Рассказывали, что на лекции в литературной студии Балтфлота кто-то из сотни матросов, в присутствии какого-то цензора-комиссара, спросил Гумилева:
- Что же, гражданин лектор, помогает писать хорошие стихи?
- По-моему, вино и женщины, - спокойно ответил гражданин лектор.
Тем, кто знает сложное поэтическое мировоззрение Гумилева, конечно ясно, что такой ответ мог иметь целью только подразнить "начальство". Ведь начальство и в отношении к поэзии насаждало всюду систему воспитания в духе марксизма.
Буржуазному спецу разрешалось говорить о технике стиха, "идеологию" комиссары оставляли за собой. А тут вдруг такой скандальный совет воспитывать в себе поэта не с помощью "Капитала", а...
По окончании лекции комиссар попросил Гумилева прекратить занятия в студии Балтфлота.
Кто из петербуржцев не помнит какой-то странной, гладким мехом наружу, шубы Гумилева с белыми узорами по низу (такие шубы носят зажиточные лопари).
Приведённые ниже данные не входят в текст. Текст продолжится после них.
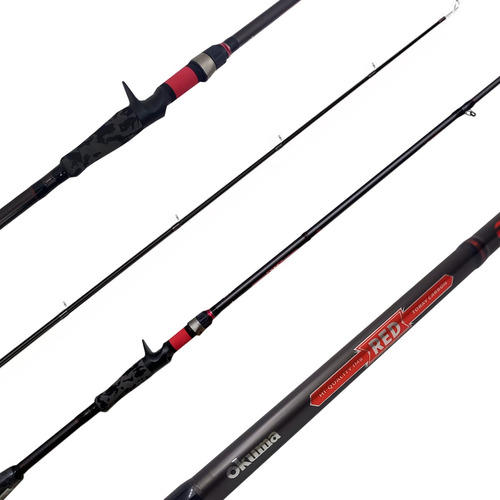 Caña Okuma Red 7 Pies 10-20lbs 2 Tramos Baitcasting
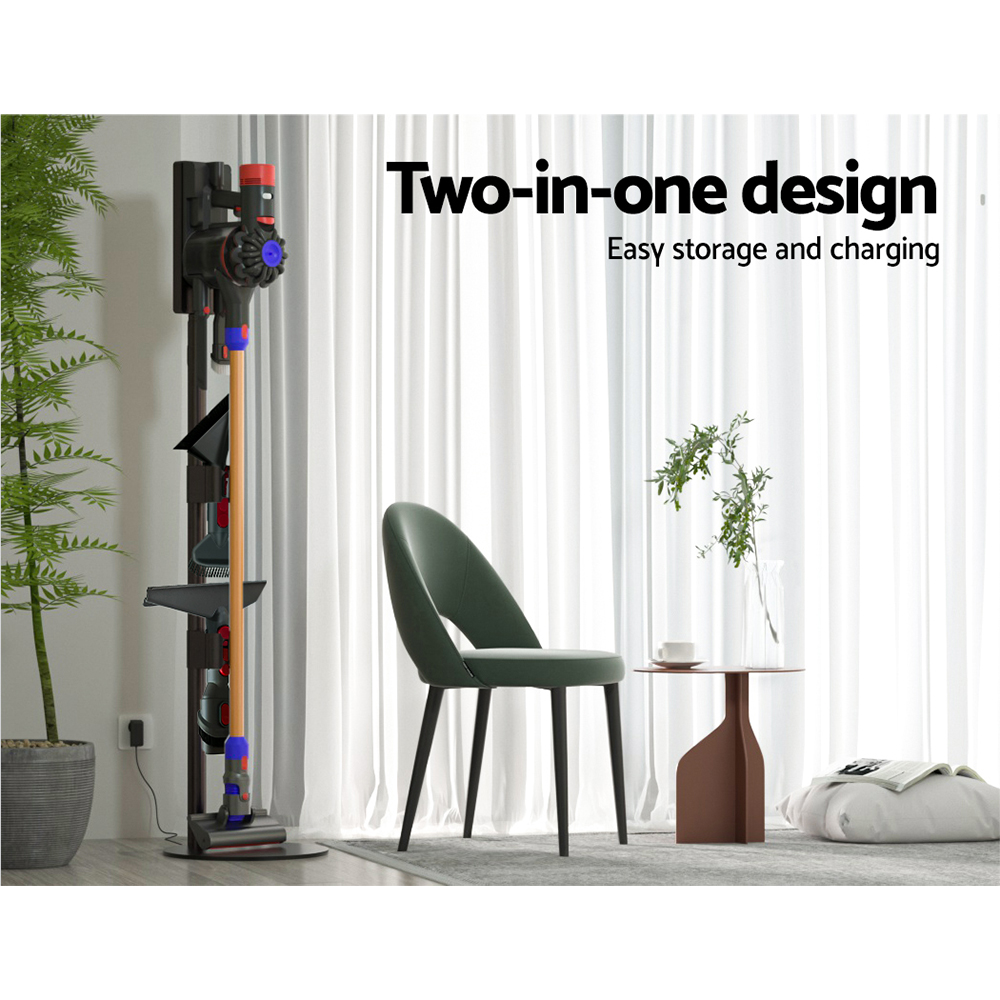 Artiss Freestanding Vacuum Cleaner Stand for Dyson V6-V11 Grey view 5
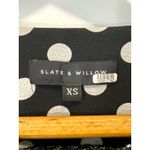 Slate + Willow  Black Tweed Blazer Jacket Size XS Textured Career Winter Staple Photo 7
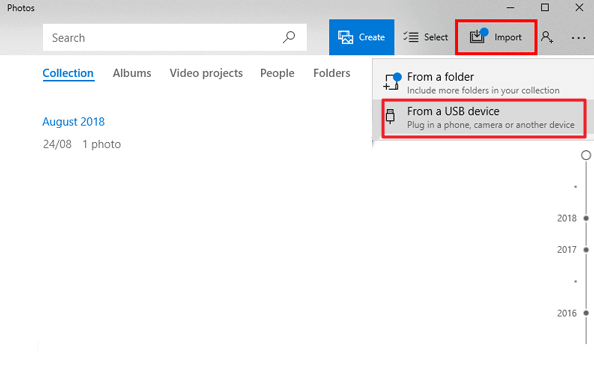 Import Files from A USB Device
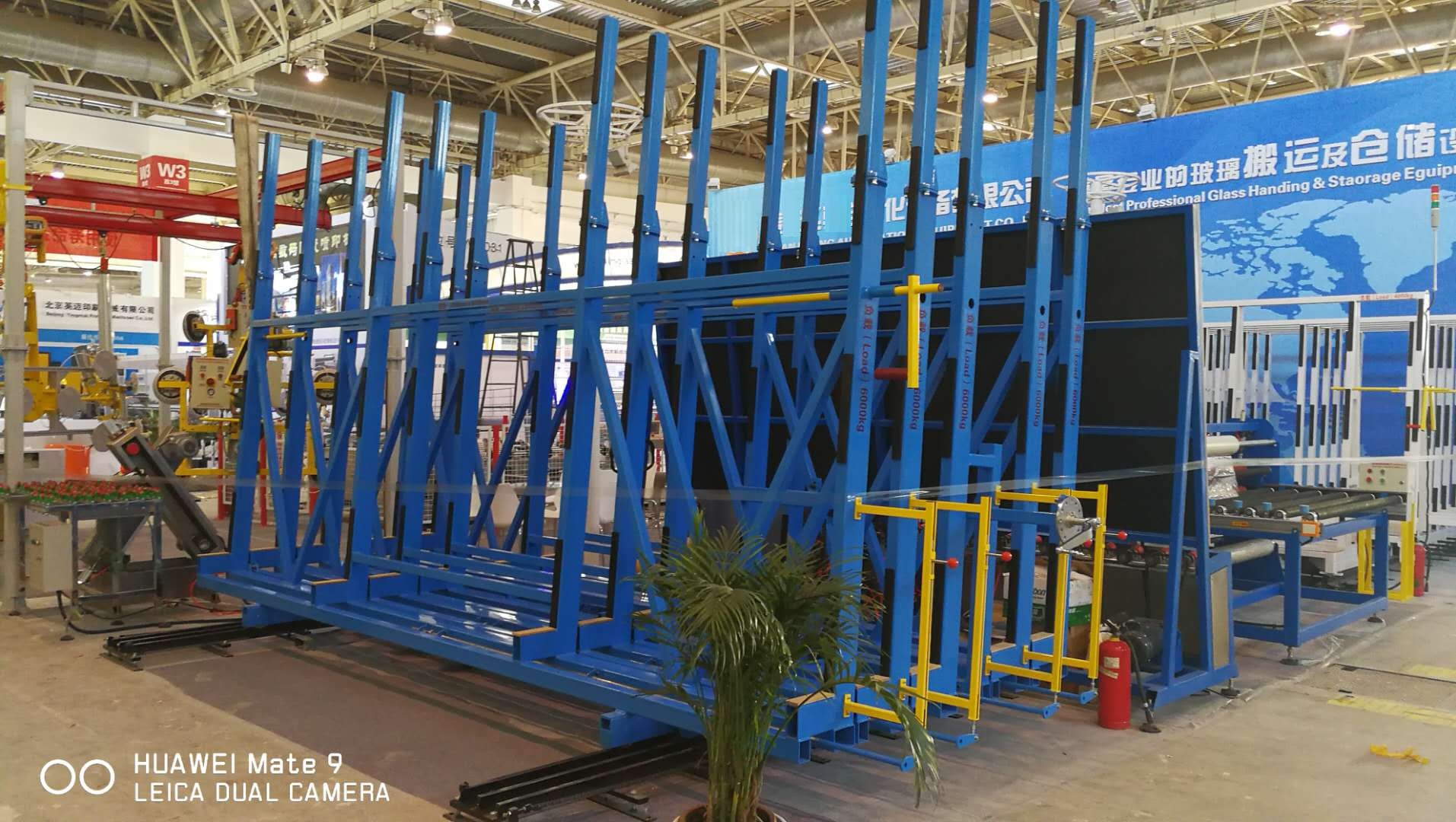 China Hand Sheet Glass Storage Rack,Manual Glass Storage Rack System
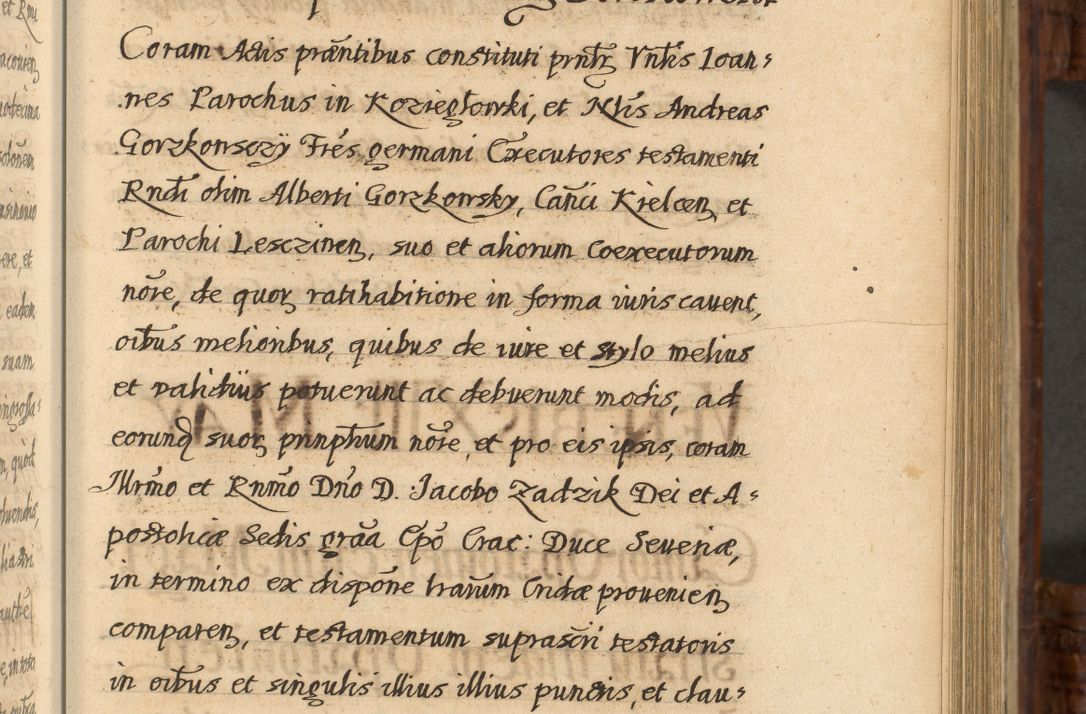 Zdjęcie nr 406 dla obiektu archiwalnego: Acta episcopalia R. D. Jacobi Zadzik, episcopi Cracoviensis et ducis Severiae annorum 1639 et 1640. Volumen II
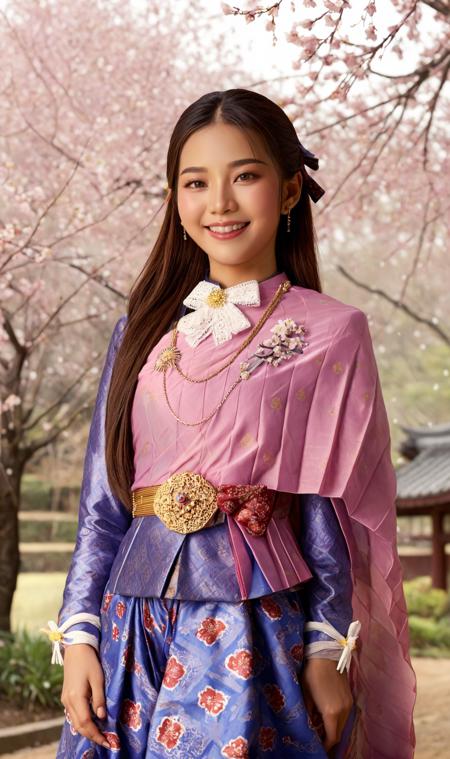 ChongKraben Sabai (Thai Clothes) โจงกระเบนสะไบ SDXL v1.0D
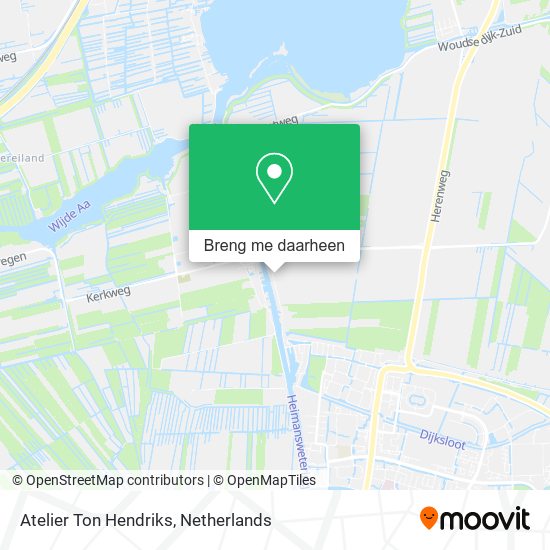 Atelier Ton Hendriks kaart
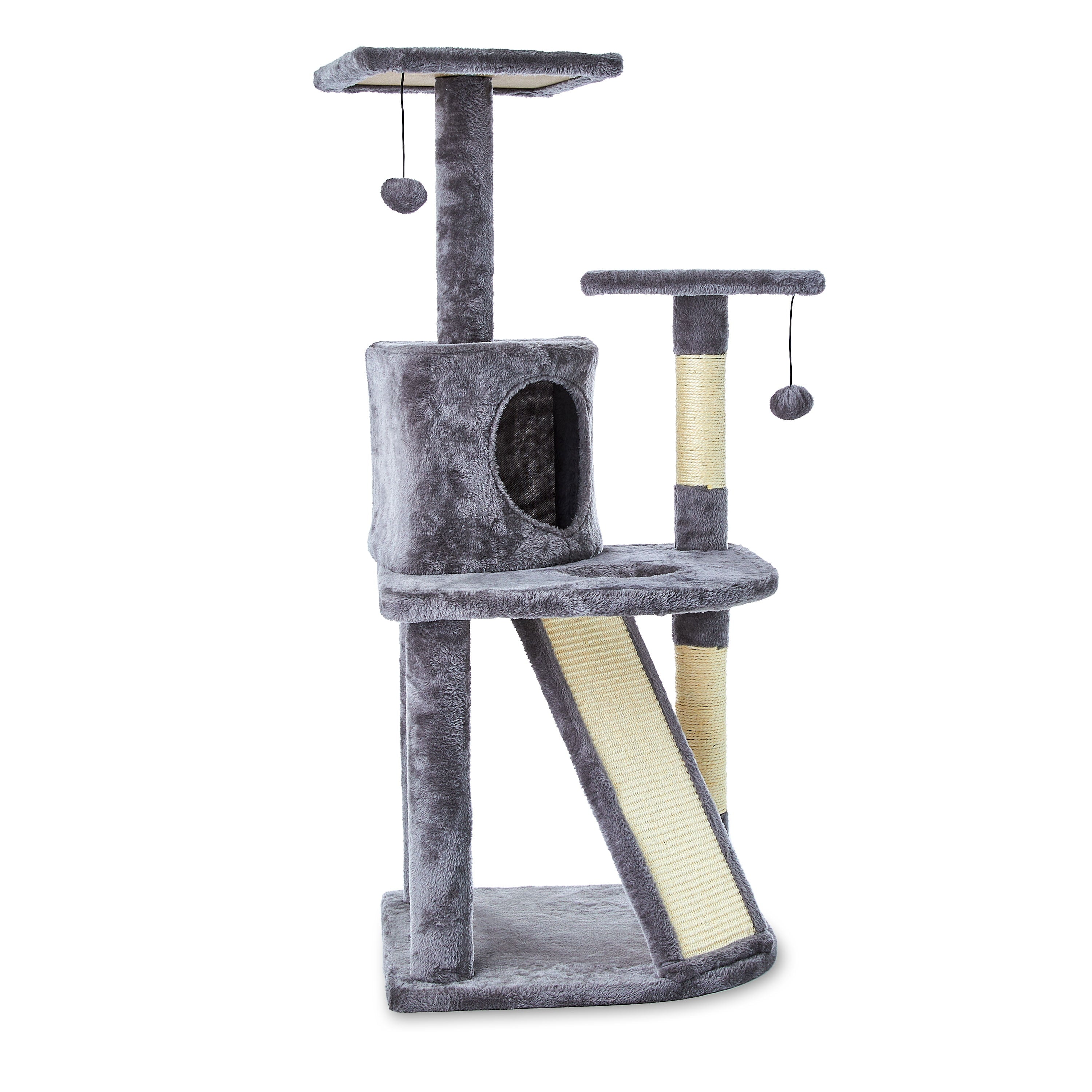 Vibrant Life 5- Level Multi-Functional Cat Tree and Condo， Gray， 45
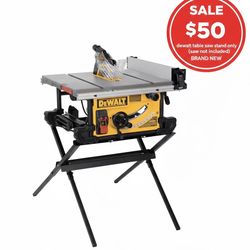 Dewalt 10” Table Saw Stand (Saw Not Included)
В этой шубе, в шапке с наушниками, в больших тупоносых сапогах, полученных из Кубу (Комиссии по улучшению быта ученых), важный и приветливый Гумилев, обыкновенно окруженный учениками, шел на очередную лекцию в Институт Живого Слова, Дом Искусств, Пролеткульт, Балтфлот и тому подобные учреждения. Лекции он, как и все мы, читал почти никогда не снимая шубы, так холодно было в нетопленых аудиториях. Пар валит изо рта, руки синеют, а Гумилев читает о новой поэзии, о французских символистах, учит переводить и даже писать стихи. Делал он это не только затем, чтобы прокормить семью и себя, но и потому, что любил, всем существом любил поэзию и верил, что нужно помочь каждому человеку стихами облегчать свое недоумение, когда спросит он себя: зачем я живу? Для Гумилева стихи были формой религиозного служения.
...Помню ночь у меня на Серпуховской, где в зимы 19-го, 20-го и 21-го гг. и Гумилев, и многие другие поэты бывали очень часто.
Глухо долетают издали пушечные выстрелы (ночь наступления на Кронштадт). Гумилев сидит на ковре, озаренный пламенем печки, я против него тоже на ковре. В доме все спят. Мы стараемся не говорить о происходящем было что-то трагически обреченное в кронштадском движении, как в сопротивлении юнкеров в октябре 1917 года.
Стараемся говорить и говорим об искусстве.
- Я вожусь с малодаровитой молодежью, - отвечает мне Гумилев, - не потому, что хочу сделать их поэтами. Это конечно немыслимо - поэтами рождаются, - я хочу помочь им по человечеству. Разве стихи не облегчают, как будто сбросил с себя что-то. Надо, чтобы все могли лечить себя писанием стихов...
Гумилев не боялся смерти. В стихах он не раз благословлял смерть в бою. Его угнетала лишь расправа с безоружными.
Помню жестокие дни после кронштадского восстания.
На грузовиках вооруженные курсанты везут сотни обезоруженных кронштадских матросов.
С одного грузовика кричат: "Братцы, помогите, расстреливать везут!"
Я схватил Гумилева за руку, Гумилев перекрестился. Сидим на бревнах на Английской набережной, смотрим на льдины, медленно плывущие по Неве. Гумилев печален и озабочен.